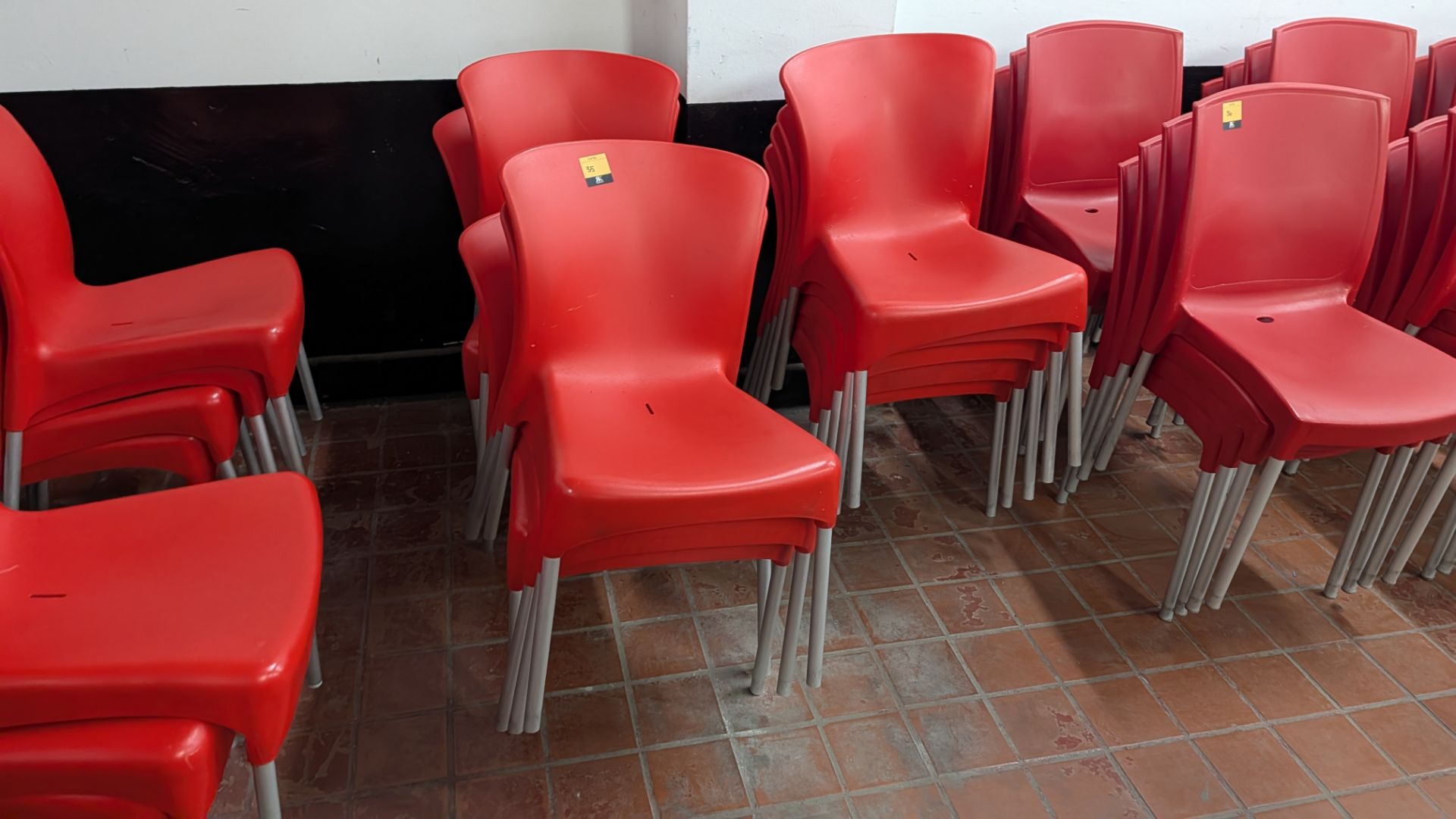 13 off Red Chairs with Silver/ Grey Metal Legs. Lots 33 - 35 comprise different quantities of the sa - Image 2 of 7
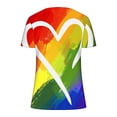 thumbnail image 5 of Busydd Womens Tops Summer V Neck Short Sleeve T-Shirts Tie Dye LGBT Pride Shirts Casual Loose Button Equality Blouses Fashion Funny Graphic Tee Tops Plus Size Tops for Women S-5XL, 5 of 5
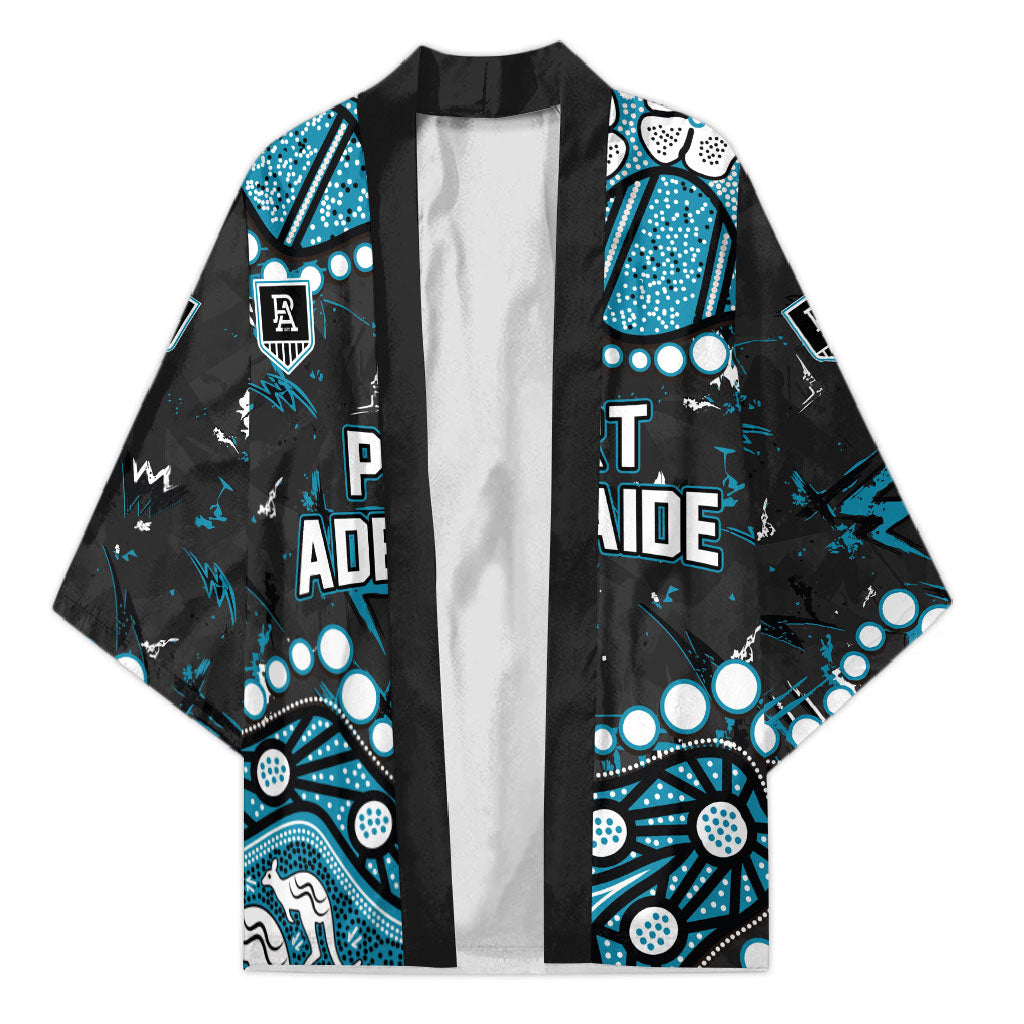 Personalized Port Adelaide Power Kimono Aboriginal Pattern with Graffiti Style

========

◆ Prompt ◆
Each line of the data above should be reproduced without alteration, and no picture should appear in the copy.

◆ Response ◆
 13 off Red Chairs with Silver/ Grey Metal Legs. Lots 33 - 35 comprise different quantities of the sa - Image 2 of 7
 thumbnail image 5 of Busydd Womens Tops Summer V Neck Short Sleeve T-Shirts Tie Dye LGBT Pride Shirts Casual Loose Button Equality Blouses Fashion Funny Graphic Tee Tops Plus Size Tops for Women S-5XL, 5 of 5
 Personalized Port Adelaide Power Kimono Aboriginal Pattern with Graffiti Style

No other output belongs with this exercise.